◆ What you are asked to do:
Your copy should match the entries exactly, with the pictures left out.

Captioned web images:
========================================
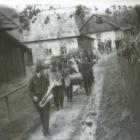 zdjęcie nr 7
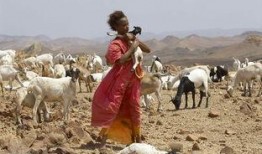 电影沙漠之花在线观看,勇敢绽放的非洲女性传奇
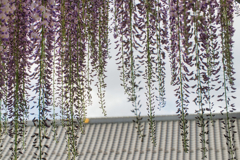 お寺の屋根と藤の花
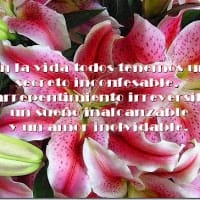 Maria Isabel Sanchez Garcia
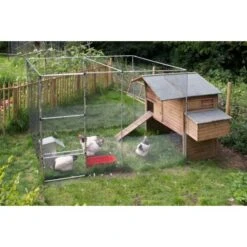 Buis Voor Fruitkooi/beschermkooi - 122 Cm Aluminium 7 Buis Voor Fruitkooi/beschermkooi - 122 Cm Aluminium -Tuinonderhoud Buiten buis fruitkooi 122 cm aluminium 1517231624 3 600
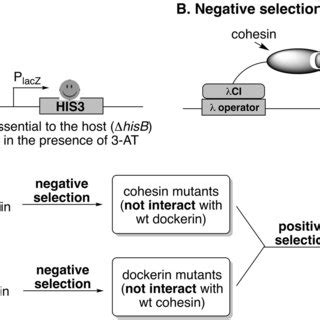 Image result for Negative Selection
========================================
◆ The answer:
 zdjęcie nr 7
 电影沙漠之花在线观看,勇敢绽放的非洲女性传奇
 お寺の屋根と藤の花
 Maria Isabel Sanchez Garcia
 Buis Voor Fruitkooi/beschermkooi - 122 Cm Aluminium 7 Buis Voor Fruitkooi/beschermkooi - 122 Cm Aluminium -Tuinonderhoud Buiten buis fruitkooi 122 cm aluminium 1517231624 3 600
 Image result for Negative Selection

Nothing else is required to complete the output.